Technical Validation

Prior to each sequencing run, the RNA was subject to electrophoretic analysis on an Agilent TapeStation. We saw that specimens that were not preserved in situ tended to have lower RNA integrity numbers (RINs) with evidence of RNA degradation. We pursued short read sequencing of those samples to build a reference transcriptome, even from partially degraded RNA. Samples that were successfully preserved with RNALater at depth had higher RIN values and were subject to long-read sequencing. Because of the high RNA quality, high RNA abundance, and uniqueness of the sample, we pursued long and short read sequencing of specimen RAD2-055, from the larvacean B. mcnutti. For specimens RAD-005, RAD2-026, and RAD2-027, the read depth is sufficient for de novo assembly of reference transcriptomes for those animals. For RAD2-054, RAD2-055, RAD2-059, and RAD2-061, the long-read transcriptome data can serve as a reference assembly.

Molecular identification

Additional validation included manual assembly of marker gene sequences from short read datasets by finding an exact match to a marker seed and extending that match forward and backward, and selection of marker gene sequences from long read data to verify the organism identifications. Marker gene sequences can be found in the file

MolecularBarcodeSeqs_forValidation.fasta12.

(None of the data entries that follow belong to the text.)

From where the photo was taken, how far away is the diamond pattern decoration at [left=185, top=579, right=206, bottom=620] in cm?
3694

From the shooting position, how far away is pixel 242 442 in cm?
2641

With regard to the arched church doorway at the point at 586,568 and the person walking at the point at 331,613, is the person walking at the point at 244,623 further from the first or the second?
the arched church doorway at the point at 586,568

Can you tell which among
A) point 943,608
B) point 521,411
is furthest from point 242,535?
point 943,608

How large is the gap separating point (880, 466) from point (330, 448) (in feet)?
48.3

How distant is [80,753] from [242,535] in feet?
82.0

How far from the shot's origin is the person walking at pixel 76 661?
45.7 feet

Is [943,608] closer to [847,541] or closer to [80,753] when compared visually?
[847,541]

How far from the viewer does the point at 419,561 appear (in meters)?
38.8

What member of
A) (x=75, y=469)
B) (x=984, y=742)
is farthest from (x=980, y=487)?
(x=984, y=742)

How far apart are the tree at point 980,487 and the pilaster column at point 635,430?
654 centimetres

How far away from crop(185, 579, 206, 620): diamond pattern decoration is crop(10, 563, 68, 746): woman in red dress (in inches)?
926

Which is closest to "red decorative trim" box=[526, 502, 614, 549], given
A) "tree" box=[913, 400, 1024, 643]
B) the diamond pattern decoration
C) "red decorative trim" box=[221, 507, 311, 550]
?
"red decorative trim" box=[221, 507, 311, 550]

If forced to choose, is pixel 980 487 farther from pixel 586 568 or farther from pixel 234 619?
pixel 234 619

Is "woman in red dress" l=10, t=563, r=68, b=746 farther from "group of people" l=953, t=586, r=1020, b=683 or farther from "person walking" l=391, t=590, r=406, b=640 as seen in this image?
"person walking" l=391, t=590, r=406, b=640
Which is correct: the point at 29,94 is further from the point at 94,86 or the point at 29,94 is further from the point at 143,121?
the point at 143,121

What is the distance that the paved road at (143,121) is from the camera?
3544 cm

Short read file molecular identifications

The COX1 sequence from RAD2-005 has 99.83% sequence identity (587/588 matches, 0 gaps) to Atolla vanhoeffeni isolate V3709ss2 COX1 gene, GenBank ID: OM214497.1

The COX1 sequence from RAD2-026 has 92% sequence identity (629/682 matches, 0 gaps) to Apolemia sp. BO-2009 voucher Hy100.2.1 COX1 gene, GenBank ID: GQ119954.124

The 18 S sequence from RAD2-027 has 99.78% sequence identity (1783/1787 matches, 0 gaps) to an 18 S barcode from Praya sp. AGC-2001, GenBank ID: AF358067.125. By the seed-extension method with the short reads, we could not find a hydrozoan COX1 sequence in the RAD2-027 data. We did uncover a COX1 sequence with a 98.98% sequence identity (676/683 matches, 0 gaps) to the COX1 gene from the krill Euphausia pacifica voucher Eu27.12.1, GenBank ID: MT826933.126, which is a presumed prey in this case. Upon full transcriptome assembly, the siphonophore and prey transcriptomes should be carefully disentangled prior to functional analyses.

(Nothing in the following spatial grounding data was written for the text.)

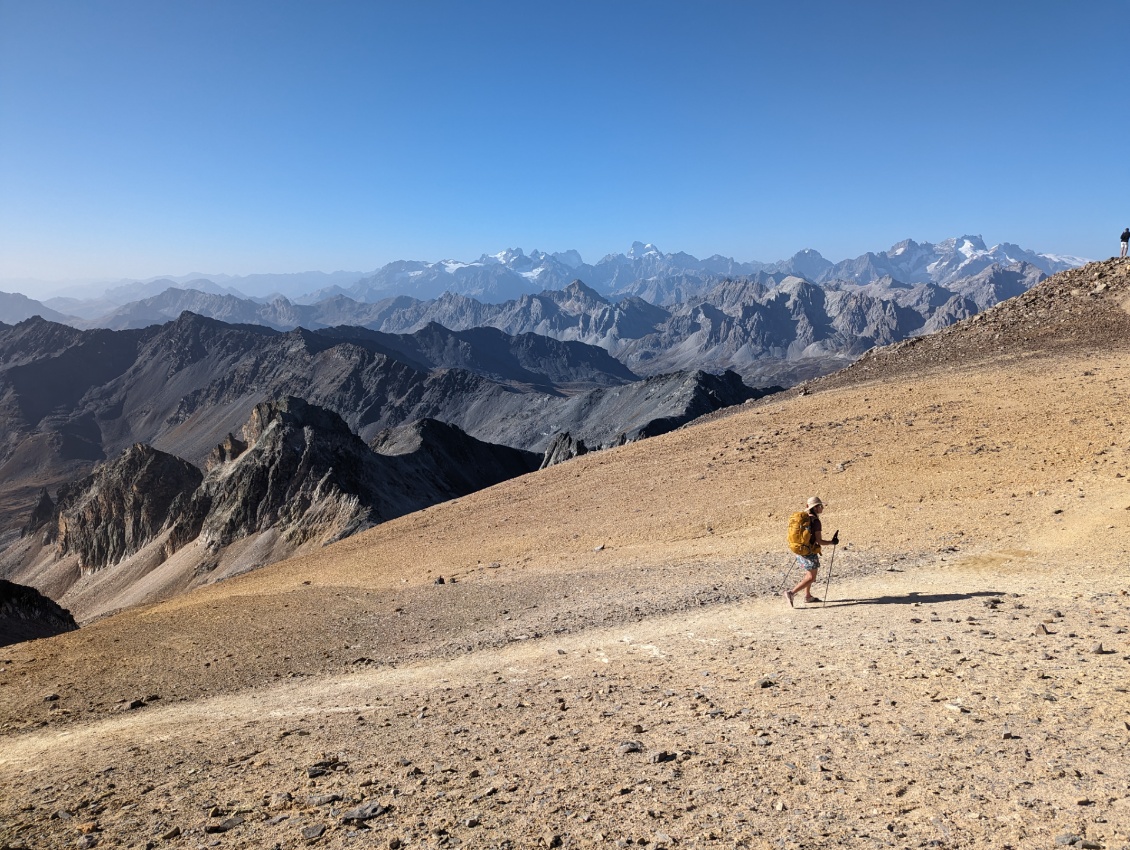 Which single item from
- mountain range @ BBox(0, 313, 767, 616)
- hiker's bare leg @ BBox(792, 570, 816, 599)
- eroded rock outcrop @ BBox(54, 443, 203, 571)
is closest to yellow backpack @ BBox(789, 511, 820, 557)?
hiker's bare leg @ BBox(792, 570, 816, 599)

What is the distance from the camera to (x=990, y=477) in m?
16.7

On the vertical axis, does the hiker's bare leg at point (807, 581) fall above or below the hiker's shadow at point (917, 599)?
above

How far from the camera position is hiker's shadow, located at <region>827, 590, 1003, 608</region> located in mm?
10602

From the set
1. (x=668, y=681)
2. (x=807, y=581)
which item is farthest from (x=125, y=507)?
(x=668, y=681)

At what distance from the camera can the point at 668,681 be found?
27.9 feet

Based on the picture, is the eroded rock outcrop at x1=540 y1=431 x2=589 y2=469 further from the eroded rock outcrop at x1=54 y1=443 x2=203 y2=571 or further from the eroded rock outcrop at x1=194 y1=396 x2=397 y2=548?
the eroded rock outcrop at x1=54 y1=443 x2=203 y2=571

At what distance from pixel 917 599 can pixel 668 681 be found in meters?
4.86

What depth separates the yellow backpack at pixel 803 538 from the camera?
36.5 ft

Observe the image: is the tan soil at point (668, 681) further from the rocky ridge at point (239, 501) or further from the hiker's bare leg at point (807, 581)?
the rocky ridge at point (239, 501)

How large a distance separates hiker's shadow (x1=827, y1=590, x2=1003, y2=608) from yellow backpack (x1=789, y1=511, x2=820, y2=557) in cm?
93

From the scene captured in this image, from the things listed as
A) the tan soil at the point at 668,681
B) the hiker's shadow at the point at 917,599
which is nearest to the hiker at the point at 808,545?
the tan soil at the point at 668,681

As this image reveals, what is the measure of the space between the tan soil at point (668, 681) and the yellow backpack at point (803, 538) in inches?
36.5

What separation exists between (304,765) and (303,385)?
18561 centimetres

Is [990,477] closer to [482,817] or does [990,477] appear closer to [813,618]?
[813,618]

Long read assembly molecular identifications

The closest match to the COX1 gene from specimen RAD2-054 in the NCBI nucleotide database is to a Physonectae sp. mitochondrial sequence, with 91% identity (1414/1555, 6 gaps) to GenBank ID: OQ957211.15. We have a tentative identification for that individual as Halistemma sp. based on morphology, but more molecular data from the group is needed.

The closest match to the COX1 gene from specimen RAD2-055 in the NCBI nucleotide database is to Bathochordaeus mcnutti isolate V3647ss1 COX1 gene, with 99.75% identity (399/400 matches, 0 gaps), GenBank ID: KX599264.127

The closest match to the COX1 gene from specimen RAD2-059 in the NCBI nucleotide database is to Pyrosomatidae sp. USNM IZ 1449850 COX1 gene, with 100% identity (658/658 matches, 0 gaps), GenBank ID: OK209615.1.

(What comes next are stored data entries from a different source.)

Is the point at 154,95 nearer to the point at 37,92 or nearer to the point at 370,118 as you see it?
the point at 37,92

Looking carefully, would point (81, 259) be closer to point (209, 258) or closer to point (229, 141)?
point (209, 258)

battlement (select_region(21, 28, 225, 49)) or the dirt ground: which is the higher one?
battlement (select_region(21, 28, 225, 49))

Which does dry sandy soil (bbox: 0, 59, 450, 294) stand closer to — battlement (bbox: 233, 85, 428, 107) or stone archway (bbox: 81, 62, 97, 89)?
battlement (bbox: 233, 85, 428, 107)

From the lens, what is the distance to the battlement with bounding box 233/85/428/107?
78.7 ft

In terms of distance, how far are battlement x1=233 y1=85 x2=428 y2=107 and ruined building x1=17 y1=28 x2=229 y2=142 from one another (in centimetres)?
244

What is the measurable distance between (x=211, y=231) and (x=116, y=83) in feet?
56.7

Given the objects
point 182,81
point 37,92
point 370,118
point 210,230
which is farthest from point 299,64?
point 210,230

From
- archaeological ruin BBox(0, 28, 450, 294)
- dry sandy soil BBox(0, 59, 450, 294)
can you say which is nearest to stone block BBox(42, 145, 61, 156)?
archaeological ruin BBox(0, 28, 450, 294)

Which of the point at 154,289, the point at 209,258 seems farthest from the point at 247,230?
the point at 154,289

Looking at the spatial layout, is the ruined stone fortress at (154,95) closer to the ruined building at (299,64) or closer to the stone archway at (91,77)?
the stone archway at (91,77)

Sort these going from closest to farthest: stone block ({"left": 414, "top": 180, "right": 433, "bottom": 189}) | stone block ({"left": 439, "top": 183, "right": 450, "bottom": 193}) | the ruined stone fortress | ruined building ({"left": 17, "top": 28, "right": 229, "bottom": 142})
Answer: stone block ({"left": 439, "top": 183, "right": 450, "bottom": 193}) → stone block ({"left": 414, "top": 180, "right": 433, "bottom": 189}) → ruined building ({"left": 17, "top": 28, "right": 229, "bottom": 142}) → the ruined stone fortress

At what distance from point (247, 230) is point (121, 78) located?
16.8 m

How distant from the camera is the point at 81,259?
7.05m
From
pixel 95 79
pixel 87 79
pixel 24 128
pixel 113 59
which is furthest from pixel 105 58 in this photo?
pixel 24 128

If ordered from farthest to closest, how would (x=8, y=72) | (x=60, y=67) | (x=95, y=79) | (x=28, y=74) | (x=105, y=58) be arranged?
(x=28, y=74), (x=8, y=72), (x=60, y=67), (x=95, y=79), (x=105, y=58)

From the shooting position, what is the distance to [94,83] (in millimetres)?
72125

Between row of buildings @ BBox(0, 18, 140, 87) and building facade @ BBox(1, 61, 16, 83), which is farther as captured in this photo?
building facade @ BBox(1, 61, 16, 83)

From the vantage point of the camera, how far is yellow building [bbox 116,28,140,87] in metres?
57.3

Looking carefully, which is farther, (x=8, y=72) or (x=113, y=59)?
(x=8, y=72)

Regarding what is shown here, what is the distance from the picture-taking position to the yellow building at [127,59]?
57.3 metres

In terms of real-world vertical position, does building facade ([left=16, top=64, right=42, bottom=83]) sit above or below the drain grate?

The closest match to the 18 S gene from specimen RAD2-061 in the NCBI nucleotide database is to the ctenophore Mnemiopsis leidyi 18 S ribosomal RNA gene, with 98.31% identity (1921/1954 matches, 10 gaps), GenBank ID: AF293700.128. Although we can identify putative COX1 genes from specimen RAD2-061 by searching the long-read assembly with a protein sequence query (tblastn), there are no close matches in the NCBI nucleotide database to the resultant sequences from RAD2-061.

Functional completeness

For the four long read RNA sequencing datasets, we completed BUSCO analysis14,29 to assess functional completeness of the transcriptomic data. We see an average BUSCO completeness of 73% against the metazoan database (Fig. 2), which is similar to completeness scores of the transcriptomes of other deep-sea gelatinous zooplankton3.

Fig. 2
Fig. 2
Full size image

BUSCO completeness metrics for each long-read dataset. Each high-quality long-read sequence file can be treated as a transcriptome assembly. BUSCO was run on each high-quality long-read sequence file using the metazoan BUSCO set to produce these completeness assessments.